"One of the United States' top judges said in an interview broadcast in Britain on Tuesday that interrogators can inflict pain to obtain critical information about an imminent terrorist threat."
Yes, the above is a MAJOR story today (featured on AOL), even though what Scalia said is perfectly obvious. If there is an IMMINENT terrorist attack in process, you have to do what is necessary to stop it. All Scalia was saying is what Bill Clinton had said before him: you can't worry about "torture" when the fate of thousands of people is at stake.
Remember "Dirty Harry"? The Clint Eastwood character was faced with a bad guy who had buried a girl undergrond WITH A LIMITED AMOUNT OF AIR. Harry shot the guy in the arm or leg. He then STEPPED ON the injured member ("tortured" the guy) until he told where the girl was buried. I never had a problem with that.
Think of how much WORSE it owould be for there to be a "ticking" nuclear device hidden in New York City scheduled to be detonated in an hour. In that extreme circumstance, I would do what I had to do (if I were in a position to get information to stop it). That is what is so insane about this Democratic attempt to PERSECUTE/PROSECUTE people who conducted waterboarding after 9/11 (a technique which produces no real pain and no permanent danger). For people trying to protect this country, THIS IS NOT A GAME.

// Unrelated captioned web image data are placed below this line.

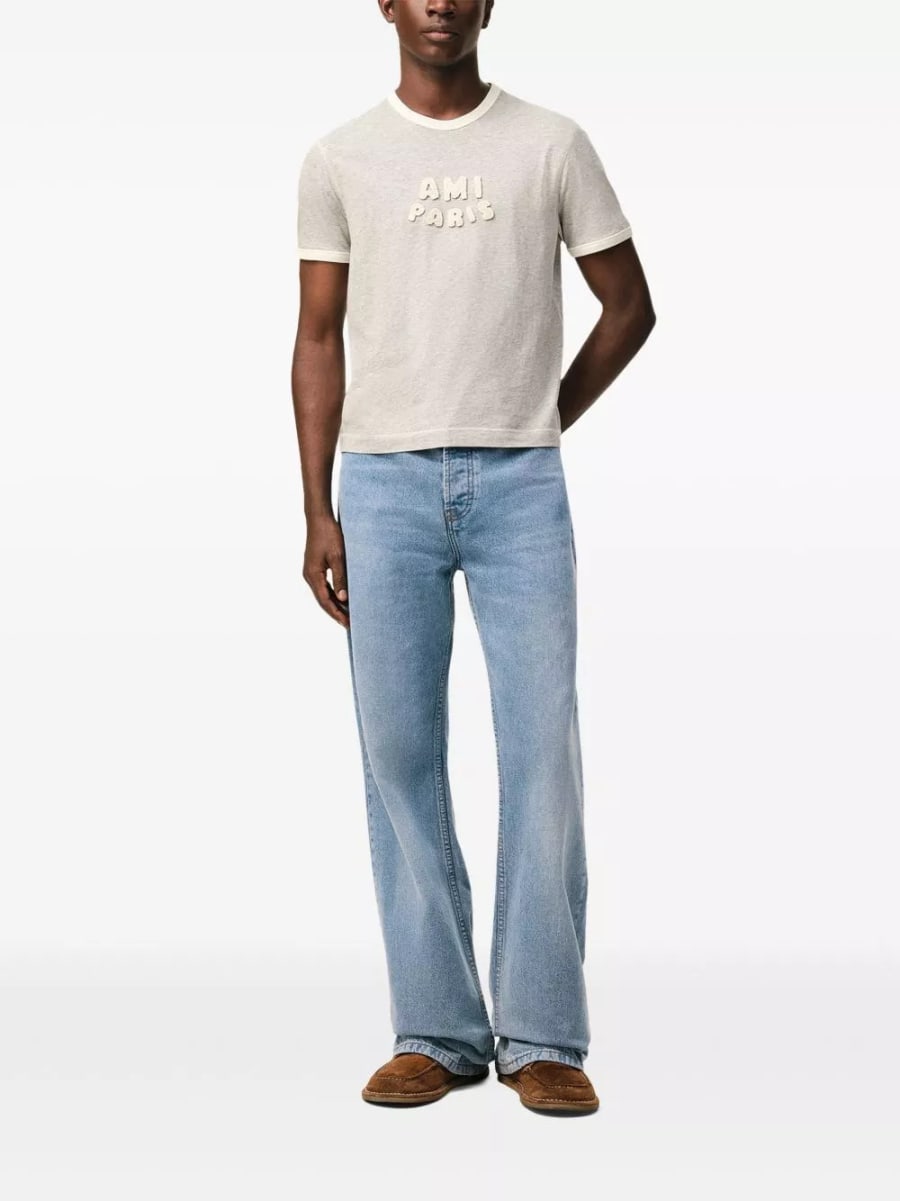 AMI Paris Jeans a gamba larga, view 6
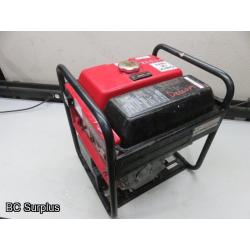 Q-556: Honda EM3000c Portable Gas Generator – 1 hour & 57 minutes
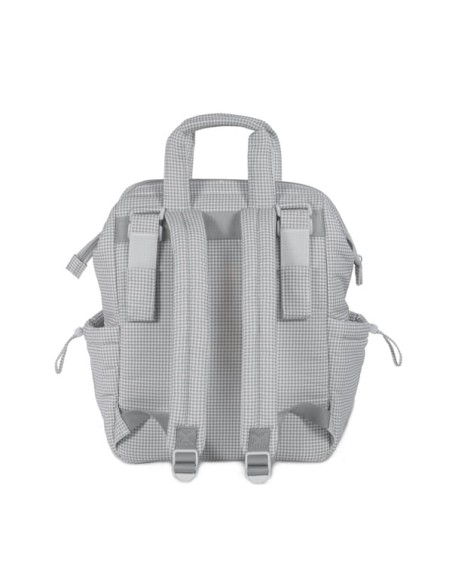 Mochila Little Bloom Vichy Gris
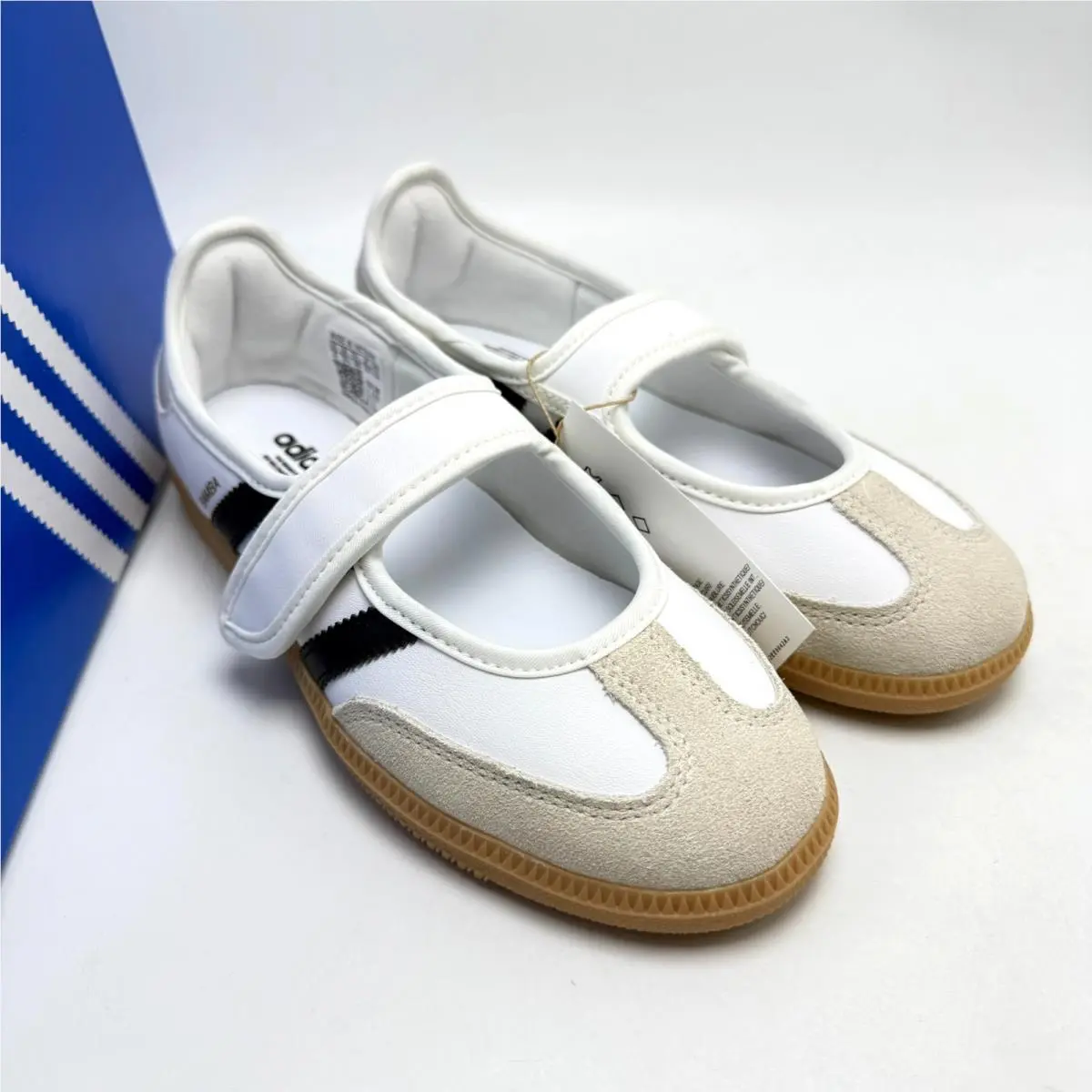 Adidas shoes - adidas Samba Jane J - Samba Jane - JR7436 - Footwear White/Alumina/Gum 9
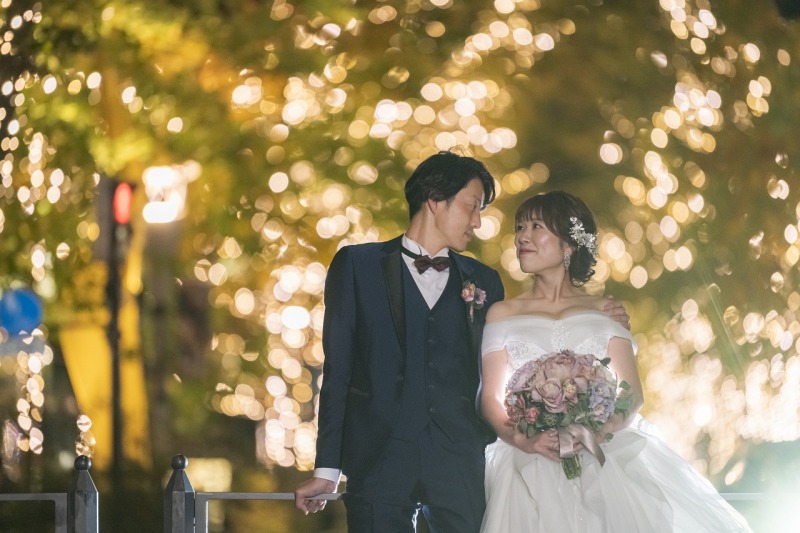 冬の東京駅で輝く撮影を♡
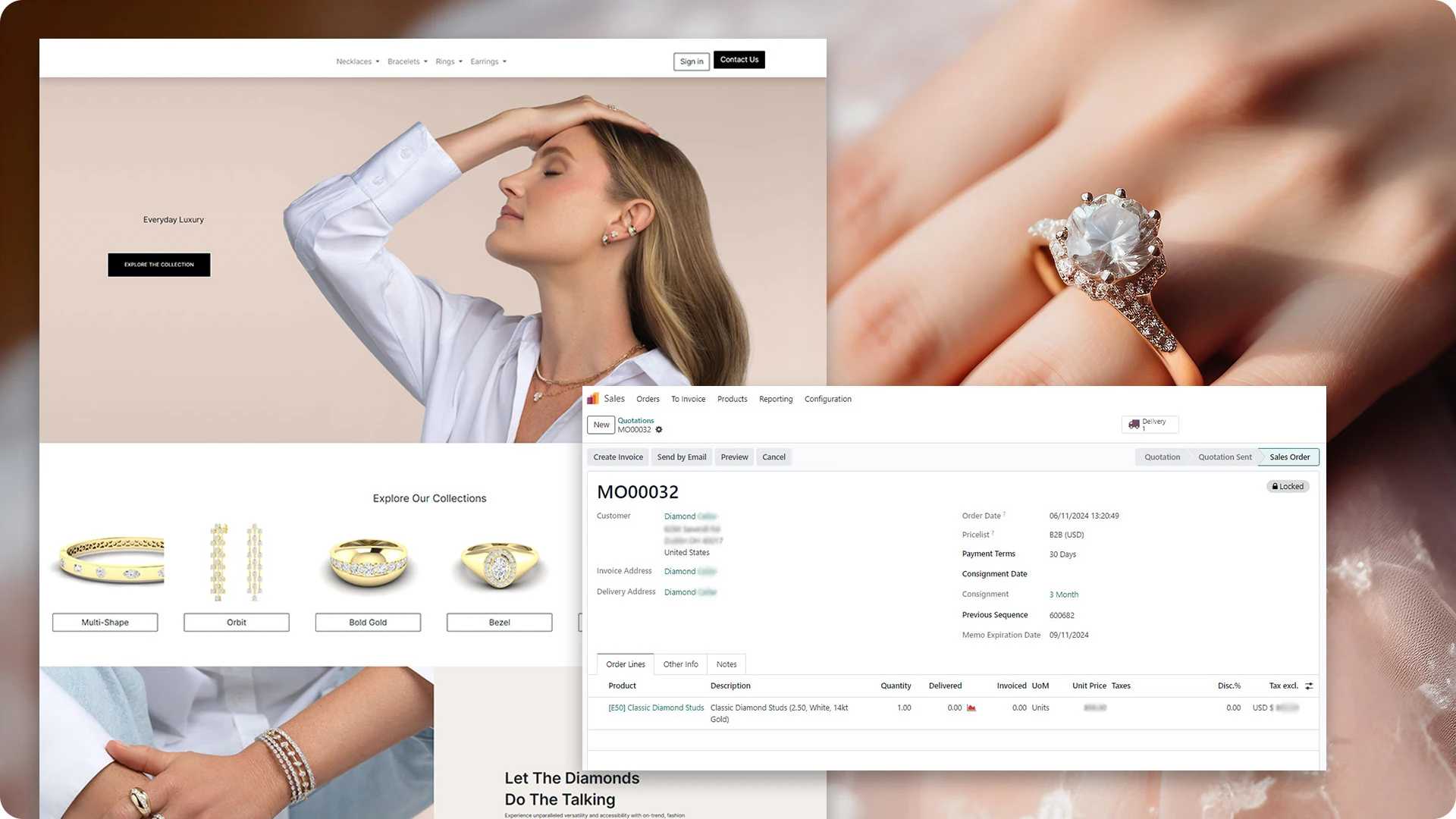 Diamond Jewelry Giant Shines Brighter With Automated Processes Powered by Odoo Diamond Jewelry Giant Shines Brighter With Automated Processes Powered by Odoo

What I think is a mistake is to issue "guidelines" or formal opinions as to when "torture" can be used (or, say, waterboarding, which I don't quite regard as torture, since the point of waterboarding is not to inflict pain). There is an old saying: "Hard cases make bad law". You smply don't want to make a gneral "policy" endorsing "torture". It is a bad precedent to set. However, in extreme circustances there is just no way to argue with Justice Scalia. You do what you have to do to save lives.